Elisabeth Sayre has been teaching English to Adult non-native speakers during her 20-year career as a tutor, conversation group leader, and classroom instructor. As a member of the Network’s original Board, she spearheaded its outreach to international residents and continues to welcome our diverse community through International Connections’ activities. She has served in various positions on Winchester ABC’s Board of Directors and Executive Committee since Winchester’s program began in the 70s.

John Suhrbier was a member of the Winchester Multicultural Network’s Board of Directors for eight years and currently is on the Network’s Finance Committee. He chairs Winchester’s Housing Partnership Board, a group established by Town Meeting to help expand housing opportunities in Winchester for low, moderate, and middle income households. He previously was a Commissioner of the Winchester Housing Authority and was a co-founder of the non-profit Winchester Housing Corporation. His professional work for thirty-five years focussed on the relationships between transportation and the environment, including issues of civil rights, environmental justice, community impacts, air quality, and climate change. Within the National Academy of Sciences, he is an emeritus member of the Transportation Research Board’s Transportation and Air Quality Committee.
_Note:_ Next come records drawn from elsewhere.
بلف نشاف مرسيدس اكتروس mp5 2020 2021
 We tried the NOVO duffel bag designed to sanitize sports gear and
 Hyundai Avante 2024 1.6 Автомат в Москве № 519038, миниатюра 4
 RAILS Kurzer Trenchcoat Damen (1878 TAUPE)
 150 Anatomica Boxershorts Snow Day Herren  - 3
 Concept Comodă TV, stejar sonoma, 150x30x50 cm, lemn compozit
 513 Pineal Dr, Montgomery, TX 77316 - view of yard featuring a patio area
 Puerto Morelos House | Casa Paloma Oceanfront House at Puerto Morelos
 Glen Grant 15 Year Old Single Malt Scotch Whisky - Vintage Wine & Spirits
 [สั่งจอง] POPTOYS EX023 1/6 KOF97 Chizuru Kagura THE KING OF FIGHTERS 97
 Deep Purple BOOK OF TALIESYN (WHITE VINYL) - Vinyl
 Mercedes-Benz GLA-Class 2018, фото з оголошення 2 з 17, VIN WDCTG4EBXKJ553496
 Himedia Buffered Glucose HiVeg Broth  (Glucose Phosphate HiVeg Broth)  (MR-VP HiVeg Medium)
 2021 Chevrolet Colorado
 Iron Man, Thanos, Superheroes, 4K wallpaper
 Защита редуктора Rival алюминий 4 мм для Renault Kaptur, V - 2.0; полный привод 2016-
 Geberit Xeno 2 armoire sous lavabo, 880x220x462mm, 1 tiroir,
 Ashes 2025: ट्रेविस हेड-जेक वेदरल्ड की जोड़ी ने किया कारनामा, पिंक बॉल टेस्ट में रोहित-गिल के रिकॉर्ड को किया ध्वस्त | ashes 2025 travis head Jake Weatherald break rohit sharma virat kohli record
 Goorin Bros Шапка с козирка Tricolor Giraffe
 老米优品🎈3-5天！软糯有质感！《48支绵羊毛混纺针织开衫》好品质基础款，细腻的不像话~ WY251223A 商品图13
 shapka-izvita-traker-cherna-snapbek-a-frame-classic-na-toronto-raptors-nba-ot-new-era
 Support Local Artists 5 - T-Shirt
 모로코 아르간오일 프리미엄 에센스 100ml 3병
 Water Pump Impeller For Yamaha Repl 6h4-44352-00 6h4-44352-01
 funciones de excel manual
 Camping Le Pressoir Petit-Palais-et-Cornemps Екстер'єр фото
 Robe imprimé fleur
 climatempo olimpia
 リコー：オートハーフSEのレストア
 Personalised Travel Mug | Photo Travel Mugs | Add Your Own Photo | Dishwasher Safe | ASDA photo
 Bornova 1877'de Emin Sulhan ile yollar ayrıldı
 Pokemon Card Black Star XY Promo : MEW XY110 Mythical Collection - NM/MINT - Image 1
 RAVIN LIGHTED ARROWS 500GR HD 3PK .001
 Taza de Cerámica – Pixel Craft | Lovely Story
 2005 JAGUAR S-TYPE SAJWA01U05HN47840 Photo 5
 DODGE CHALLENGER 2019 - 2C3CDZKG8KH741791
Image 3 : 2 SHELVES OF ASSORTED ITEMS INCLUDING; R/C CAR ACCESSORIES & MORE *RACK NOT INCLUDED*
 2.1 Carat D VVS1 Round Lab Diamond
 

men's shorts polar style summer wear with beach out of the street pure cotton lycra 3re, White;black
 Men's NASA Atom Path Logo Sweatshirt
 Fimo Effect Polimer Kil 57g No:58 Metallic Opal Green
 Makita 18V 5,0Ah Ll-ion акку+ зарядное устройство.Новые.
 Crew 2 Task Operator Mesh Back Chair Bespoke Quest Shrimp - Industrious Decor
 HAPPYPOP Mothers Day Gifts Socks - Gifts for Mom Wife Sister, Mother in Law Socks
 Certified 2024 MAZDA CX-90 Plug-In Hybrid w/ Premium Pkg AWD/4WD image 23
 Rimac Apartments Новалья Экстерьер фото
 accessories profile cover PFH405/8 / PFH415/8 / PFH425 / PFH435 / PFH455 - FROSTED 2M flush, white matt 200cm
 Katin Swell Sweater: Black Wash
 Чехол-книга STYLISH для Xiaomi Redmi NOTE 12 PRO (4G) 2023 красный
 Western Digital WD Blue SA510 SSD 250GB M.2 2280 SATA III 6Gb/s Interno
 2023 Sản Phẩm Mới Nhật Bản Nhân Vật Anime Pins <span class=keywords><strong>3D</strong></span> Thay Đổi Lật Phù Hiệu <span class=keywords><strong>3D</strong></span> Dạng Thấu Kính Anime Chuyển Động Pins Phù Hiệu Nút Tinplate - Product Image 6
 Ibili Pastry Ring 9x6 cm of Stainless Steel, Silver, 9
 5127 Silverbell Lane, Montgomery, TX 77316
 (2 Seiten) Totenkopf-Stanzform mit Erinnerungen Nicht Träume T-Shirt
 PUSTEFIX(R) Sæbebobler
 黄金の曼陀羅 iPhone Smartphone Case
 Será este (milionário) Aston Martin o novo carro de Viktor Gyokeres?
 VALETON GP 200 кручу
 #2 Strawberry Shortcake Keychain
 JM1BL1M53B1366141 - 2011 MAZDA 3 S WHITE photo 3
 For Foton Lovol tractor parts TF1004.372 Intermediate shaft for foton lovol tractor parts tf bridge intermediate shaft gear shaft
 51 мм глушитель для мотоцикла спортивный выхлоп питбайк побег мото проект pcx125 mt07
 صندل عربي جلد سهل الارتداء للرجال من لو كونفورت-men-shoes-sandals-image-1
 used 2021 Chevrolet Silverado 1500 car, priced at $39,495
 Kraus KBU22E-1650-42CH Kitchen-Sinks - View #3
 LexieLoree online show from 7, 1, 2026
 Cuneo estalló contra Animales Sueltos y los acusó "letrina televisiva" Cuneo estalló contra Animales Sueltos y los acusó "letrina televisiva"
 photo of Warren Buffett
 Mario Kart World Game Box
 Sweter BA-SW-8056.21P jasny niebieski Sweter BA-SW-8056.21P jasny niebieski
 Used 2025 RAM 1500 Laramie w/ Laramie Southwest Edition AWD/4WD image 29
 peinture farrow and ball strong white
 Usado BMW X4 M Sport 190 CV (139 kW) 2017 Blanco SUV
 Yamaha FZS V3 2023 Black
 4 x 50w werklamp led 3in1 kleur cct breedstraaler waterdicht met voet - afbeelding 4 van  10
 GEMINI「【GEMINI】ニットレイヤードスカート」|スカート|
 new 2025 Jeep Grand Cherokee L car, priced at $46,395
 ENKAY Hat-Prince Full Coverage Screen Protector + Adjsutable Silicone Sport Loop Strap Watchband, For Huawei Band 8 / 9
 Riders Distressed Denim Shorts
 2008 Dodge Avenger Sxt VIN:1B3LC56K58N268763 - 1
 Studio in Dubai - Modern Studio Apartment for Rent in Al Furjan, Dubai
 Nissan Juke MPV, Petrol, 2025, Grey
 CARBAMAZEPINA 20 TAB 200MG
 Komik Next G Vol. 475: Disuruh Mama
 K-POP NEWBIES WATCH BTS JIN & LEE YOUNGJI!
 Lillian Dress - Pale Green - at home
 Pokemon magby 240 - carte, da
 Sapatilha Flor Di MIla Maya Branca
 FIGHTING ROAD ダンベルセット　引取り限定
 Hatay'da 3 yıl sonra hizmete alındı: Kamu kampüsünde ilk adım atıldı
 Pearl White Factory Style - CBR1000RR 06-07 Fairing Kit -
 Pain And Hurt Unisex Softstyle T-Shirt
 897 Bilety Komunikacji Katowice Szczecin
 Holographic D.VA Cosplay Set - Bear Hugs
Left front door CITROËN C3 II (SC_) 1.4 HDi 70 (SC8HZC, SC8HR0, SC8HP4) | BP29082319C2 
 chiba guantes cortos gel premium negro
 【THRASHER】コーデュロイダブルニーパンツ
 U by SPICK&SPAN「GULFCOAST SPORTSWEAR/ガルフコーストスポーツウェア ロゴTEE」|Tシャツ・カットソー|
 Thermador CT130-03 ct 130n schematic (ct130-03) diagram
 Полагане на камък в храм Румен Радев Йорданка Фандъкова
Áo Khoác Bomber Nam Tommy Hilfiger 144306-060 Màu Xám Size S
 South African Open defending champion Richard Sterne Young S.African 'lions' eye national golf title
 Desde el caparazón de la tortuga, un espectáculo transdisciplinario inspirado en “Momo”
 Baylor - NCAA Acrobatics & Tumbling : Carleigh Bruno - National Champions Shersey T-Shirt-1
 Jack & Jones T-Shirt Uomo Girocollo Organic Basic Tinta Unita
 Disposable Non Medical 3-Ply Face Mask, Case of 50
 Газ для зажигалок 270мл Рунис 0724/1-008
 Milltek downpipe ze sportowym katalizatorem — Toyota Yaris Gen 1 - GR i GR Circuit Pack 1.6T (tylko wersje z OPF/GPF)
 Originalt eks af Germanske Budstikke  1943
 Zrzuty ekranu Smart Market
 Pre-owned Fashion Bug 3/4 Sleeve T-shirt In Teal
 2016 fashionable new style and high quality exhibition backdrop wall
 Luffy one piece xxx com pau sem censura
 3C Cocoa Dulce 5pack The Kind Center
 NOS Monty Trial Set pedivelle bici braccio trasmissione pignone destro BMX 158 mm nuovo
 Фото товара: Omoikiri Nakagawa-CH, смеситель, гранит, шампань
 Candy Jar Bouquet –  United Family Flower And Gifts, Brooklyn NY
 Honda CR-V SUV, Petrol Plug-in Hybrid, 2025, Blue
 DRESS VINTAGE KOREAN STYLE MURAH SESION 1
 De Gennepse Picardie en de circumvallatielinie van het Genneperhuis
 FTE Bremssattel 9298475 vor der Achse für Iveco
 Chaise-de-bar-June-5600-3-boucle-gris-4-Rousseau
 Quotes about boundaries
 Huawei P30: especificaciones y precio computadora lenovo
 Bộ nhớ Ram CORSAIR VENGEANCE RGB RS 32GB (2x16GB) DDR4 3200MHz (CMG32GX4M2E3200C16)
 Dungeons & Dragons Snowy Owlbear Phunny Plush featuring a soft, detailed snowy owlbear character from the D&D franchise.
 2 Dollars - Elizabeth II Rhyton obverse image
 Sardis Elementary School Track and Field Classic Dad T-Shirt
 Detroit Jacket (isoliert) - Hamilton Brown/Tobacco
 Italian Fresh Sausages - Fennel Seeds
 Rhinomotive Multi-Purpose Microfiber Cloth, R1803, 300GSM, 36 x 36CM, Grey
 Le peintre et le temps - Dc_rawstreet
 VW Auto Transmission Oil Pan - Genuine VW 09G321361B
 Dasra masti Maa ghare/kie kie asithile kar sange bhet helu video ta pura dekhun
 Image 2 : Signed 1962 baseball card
Rosemary Sullivan is past president of the Winchester Seniors Association and the present chairman of the WSA Human Resources Committee.  She has taught in the Newton and Belmont Public Schools and served as a project manager in Training and Development at Verizon. At Verizon she facilitated a 2  day workshop in Diversity and a workshop in Ethics. Originally from Northern New York, she is a long time resident of Winchester.

Paula Tognarelli is the former Executive Director and Curator of the Griffin Museum of Photography. The Griffin Museum of Photography, located in Winchester outside Boston, Massachusetts, is a small nonprofit photography museum whose mission is to promote an appreciation of photographic art and a broader understanding of its visual, emotional and social impact. The museum houses three galleries and maintains four satellite gallery spaces and several virtual on-line galleries as well. Ms. Tognarelli is a resident of Cambridge, MA.

Fred Yen started the farmers market and initiated the climate action plan for the town of Winchester. He has a background in art and photography, the restaurant business and as a licensed contractor in the residential sector. Fred has lived in Winchester for over 25 years.